I Did What I Was Told
Episode 6 of 1992 begins with Richi showing up at the strip club. He heads into the office and finds the owner dead, charred and clearly killed by our killer, Victor.
Does Victor kill the Minister?
Speaking of which, Victor makes it to Madrid completely undetected, while Amparo and Richi realize they need to get to the Minister before it’s too late. Given all the deaths, the blackmail is too much and he decides to use his wife Teresa’s family in order to get the money and pay off the killer.
Victor shows up at the estate and burns the guards outside with his flamethrower. Just as he does, the Minister receives a call warning that the killer is at his front door. There are gunshots in the background, where Victor ends up single-handedly taking all of these guys out.
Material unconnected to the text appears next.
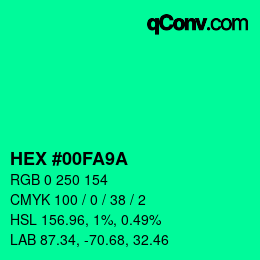 カラーコード: HEX #00FA9A | qconv.com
Eventually he rocks up to see the Minister. The man is hiding out in his office with a little gun, prepared to kill the guy.
A big chase ensues through the house, where Teresa locks herself in the panic room and lets Victor burn her husband. He does so right in front of the bookshelf and miraculously, the house doesn’t go up in flames. In fact, the Minister is alive long enough to head outside and begin rolling around.
What happens after the villa incident?
Teresa also gets out from the panic room, despite there being fire on the outside of the bookshelf, and it happens just in time for Richi and Amparo to show. They question her about the Minister and she explains about the mysterious phone call. If not for that, she’d probably be dead.
The pair realize that this could be a crucial clue, and they run it through the system for details, courtesy of a house call at Manchado’s place. They find a number for Seville, and an address which happens to be a phone booth. So naturally, off the pair go on the train.
Anyway, Victor gets on the train and sobs as he looks over the footage of the night his mum died. The thing is, Victoria is still alive and given he’s not sticking around at home, he’s going to be targeted sooner or later. And where does he end up? On the same train as the others. What a coincidence!
Who is the real puppet master here?
Victoria isn’t the only one though, as Carmen boards the same train, suspecting something afoul. It’s here where we find out that Victoria was working in collusion with Victor, and even encouraged him to go after the others to get his vengeance. Victoria made him his weapon, and watched over the guy all this time, intentionally blowing his own office up and covering himself in the bath to avoid the worst of the explosion. He staged the entire incident, including ripping his clothes, hurting himself and piercing his thigh.
Victoria was the one who made the call to the Minister, using a voice-distorter, and used all of this as a ploy to get away.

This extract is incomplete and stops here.